[PROBLEM TO WORK ON]: From the line containing "Zdjęcie 10 z" through the last line of the records below, output every line exactly as it appears, but leave out the pictures.

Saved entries
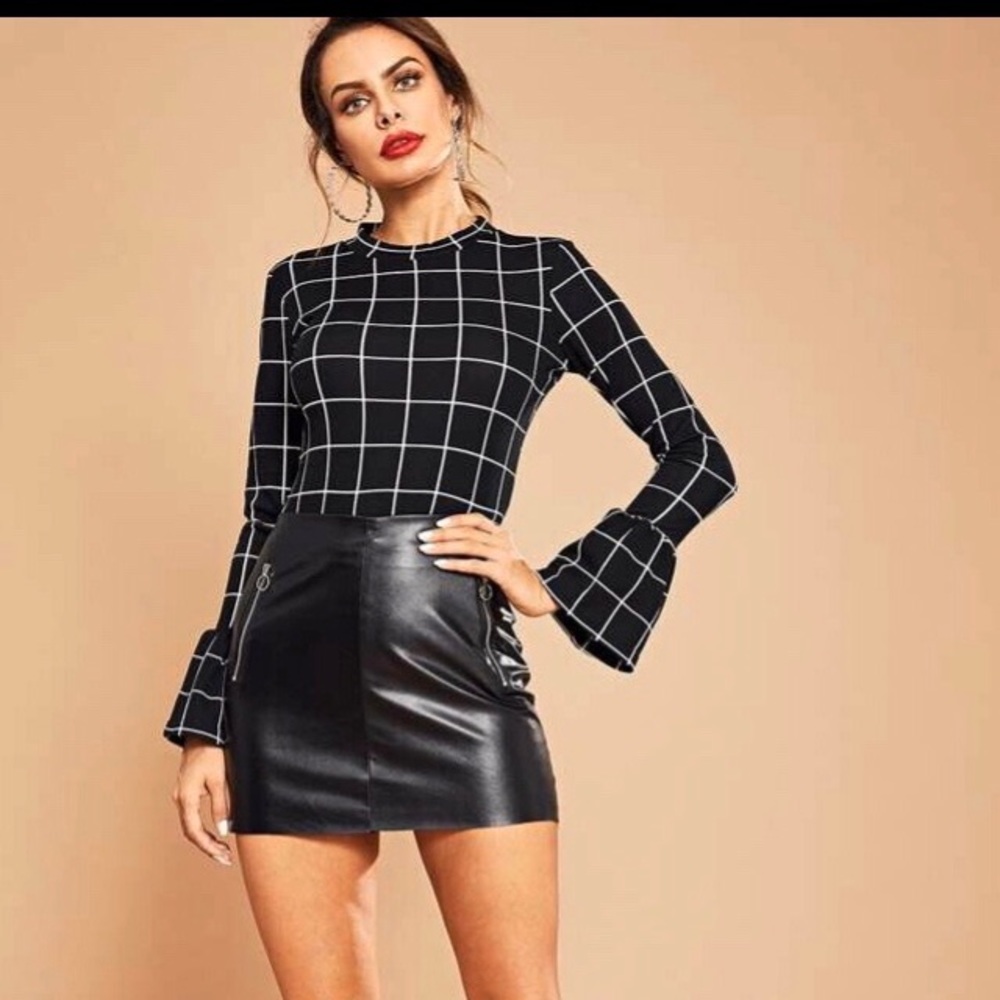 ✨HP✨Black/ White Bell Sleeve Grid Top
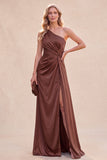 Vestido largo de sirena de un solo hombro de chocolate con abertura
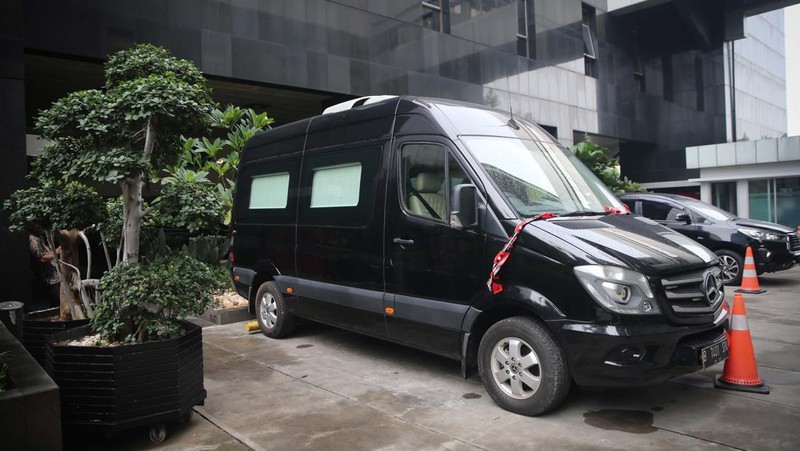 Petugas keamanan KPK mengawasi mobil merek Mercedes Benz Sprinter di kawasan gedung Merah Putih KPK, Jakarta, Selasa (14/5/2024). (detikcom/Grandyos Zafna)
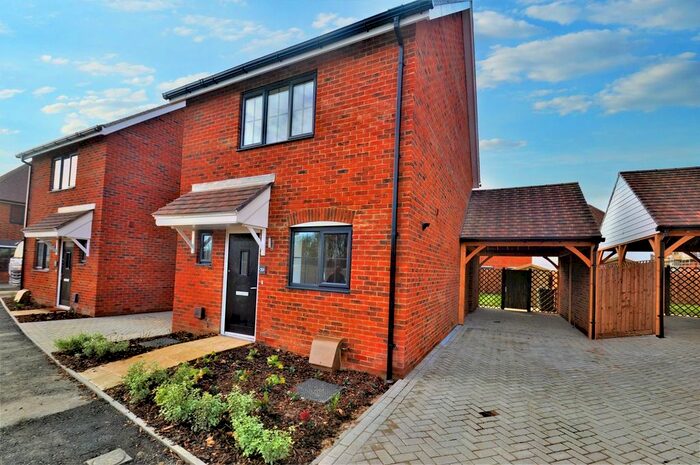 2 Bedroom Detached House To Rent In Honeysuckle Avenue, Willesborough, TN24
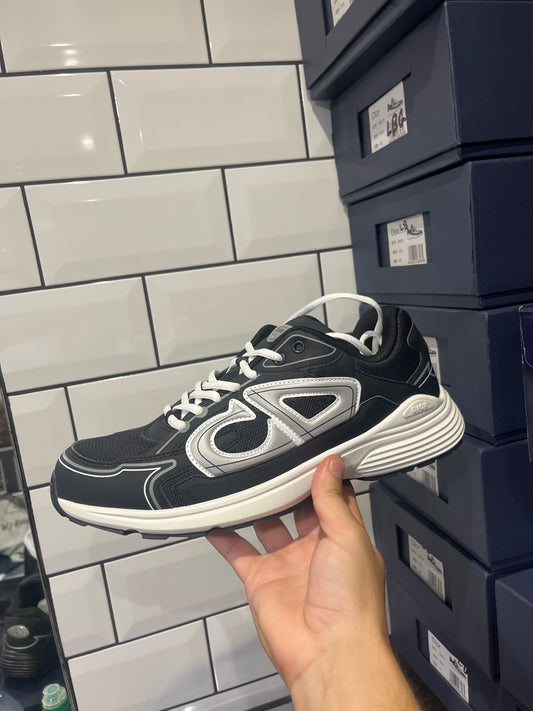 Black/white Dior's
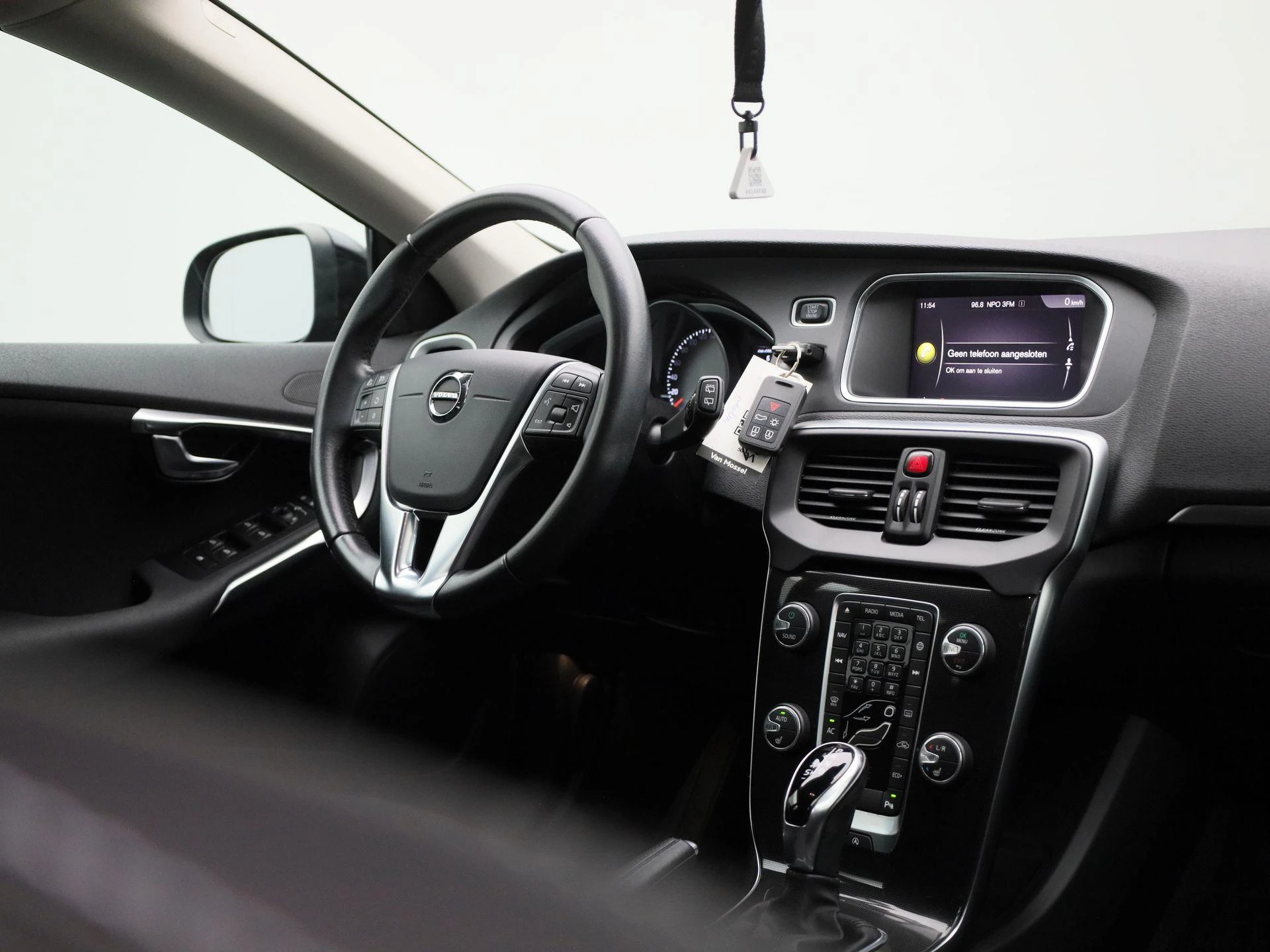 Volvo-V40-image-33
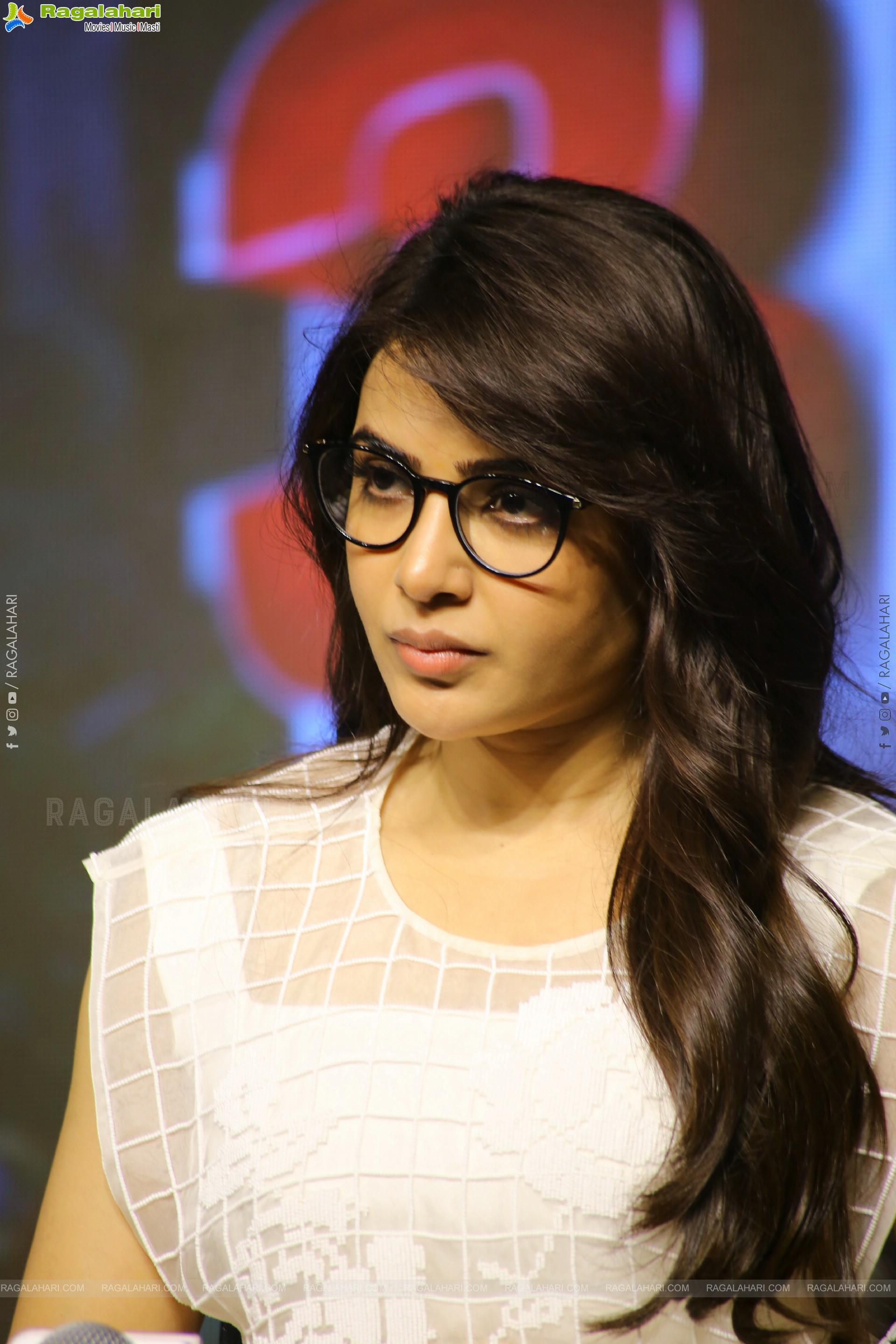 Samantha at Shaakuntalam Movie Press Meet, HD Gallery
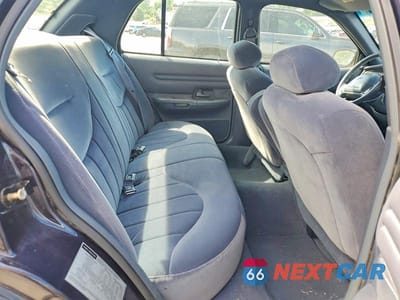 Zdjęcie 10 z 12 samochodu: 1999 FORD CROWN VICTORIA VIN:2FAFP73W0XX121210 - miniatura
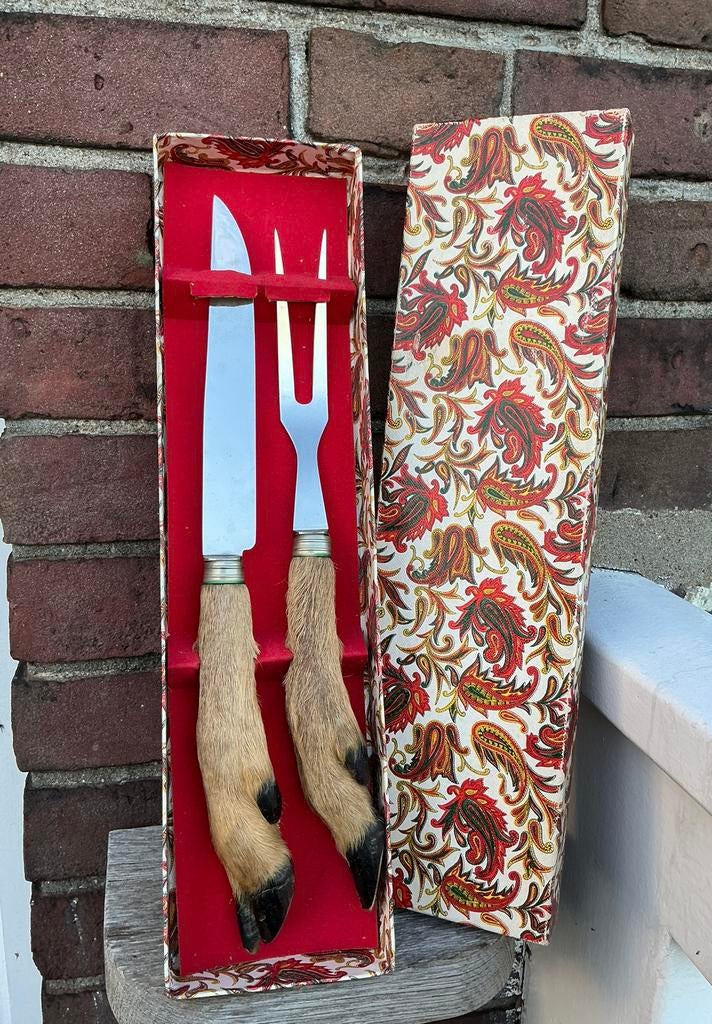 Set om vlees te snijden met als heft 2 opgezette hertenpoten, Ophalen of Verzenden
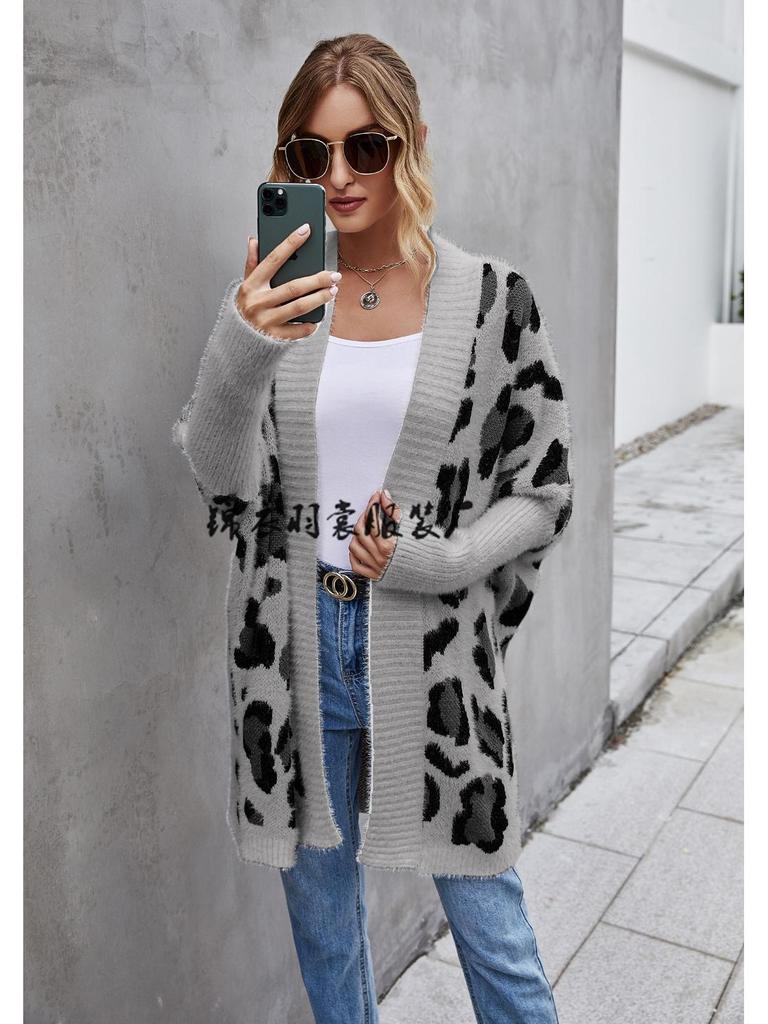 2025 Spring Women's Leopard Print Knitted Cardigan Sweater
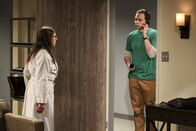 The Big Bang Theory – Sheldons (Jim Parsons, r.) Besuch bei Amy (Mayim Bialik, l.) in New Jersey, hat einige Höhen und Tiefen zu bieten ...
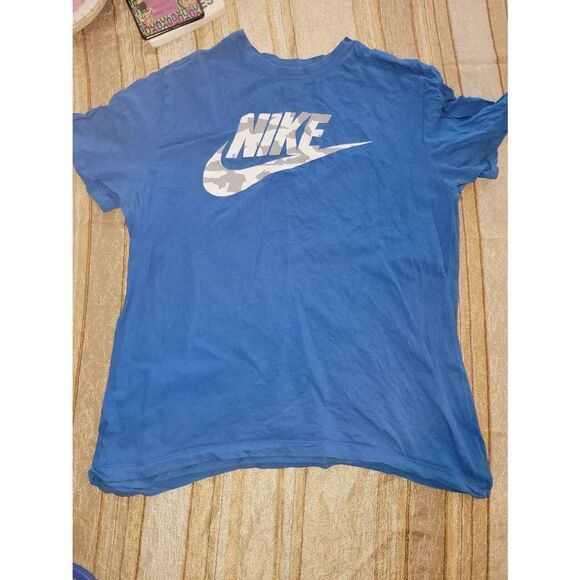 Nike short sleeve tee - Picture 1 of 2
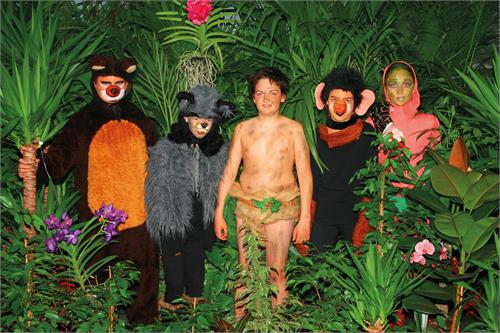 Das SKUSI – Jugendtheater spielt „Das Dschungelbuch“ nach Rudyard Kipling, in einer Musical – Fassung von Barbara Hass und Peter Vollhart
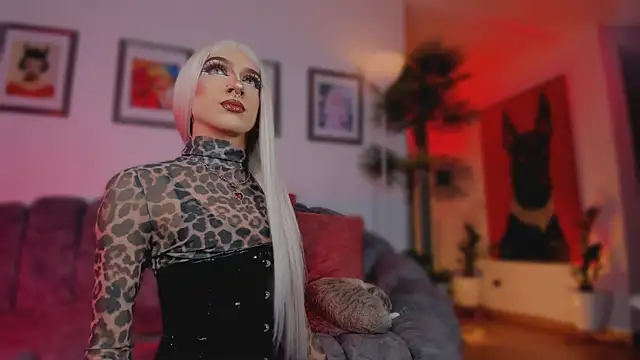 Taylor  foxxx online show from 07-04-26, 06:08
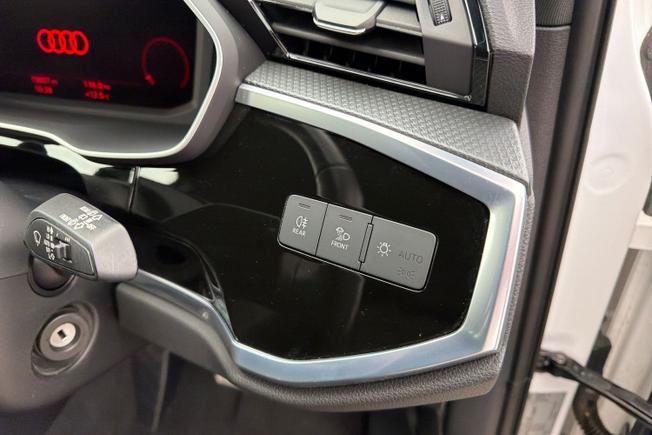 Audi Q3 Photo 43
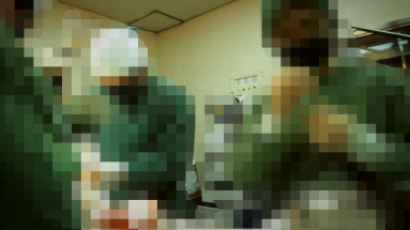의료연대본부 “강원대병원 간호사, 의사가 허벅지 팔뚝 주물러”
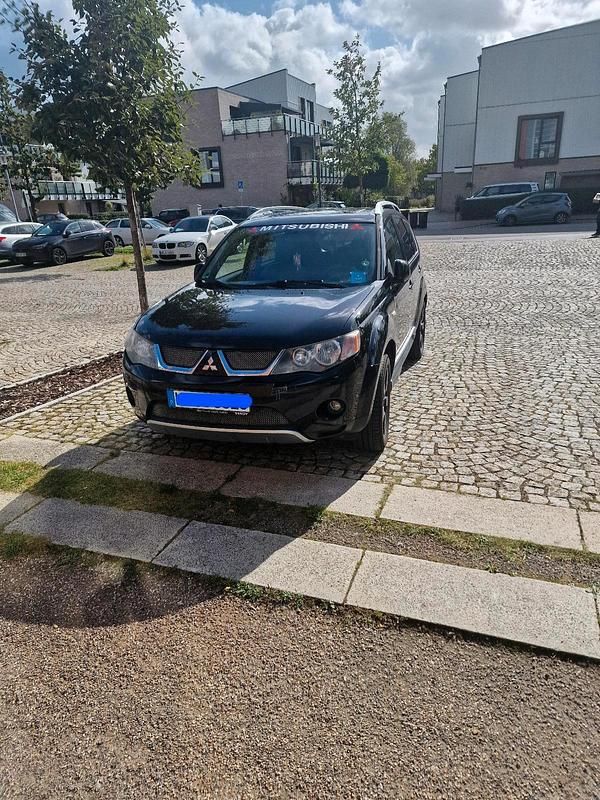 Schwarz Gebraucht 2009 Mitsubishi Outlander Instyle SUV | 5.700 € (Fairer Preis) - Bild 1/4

[TASK SOLUTION]:
 Zdjęcie 10 z 12 samochodu: 1999 FORD CROWN VICTORIA VIN:2FAFP73W0XX121210 - miniatura
 Set om vlees te snijden met als heft 2 opgezette hertenpoten, Ophalen of Verzenden
 2025 Spring Women's Leopard Print Knitted Cardigan Sweater
 The Big Bang Theory – Sheldons (Jim Parsons, r.) Besuch bei Amy (Mayim Bialik, l.) in New Jersey, hat einige Höhen und Tiefen zu bieten ...
 Nike short sleeve tee - Picture 1 of 2
 Das SKUSI – Jugendtheater spielt „Das Dschungelbuch“ nach Rudyard Kipling, in einer Musical – Fassung von Barbara Hass und Peter Vollhart
 Taylor  foxxx online show from 07-04-26, 06:08
 Audi Q3 Photo 43
의료연대본부 “강원대병원 간호사, 의사가 허벅지 팔뚝 주물러”
 Schwarz Gebraucht 2009 Mitsubishi Outlander Instyle SUV | 5.700 € (Fairer Preis) - Bild 1/4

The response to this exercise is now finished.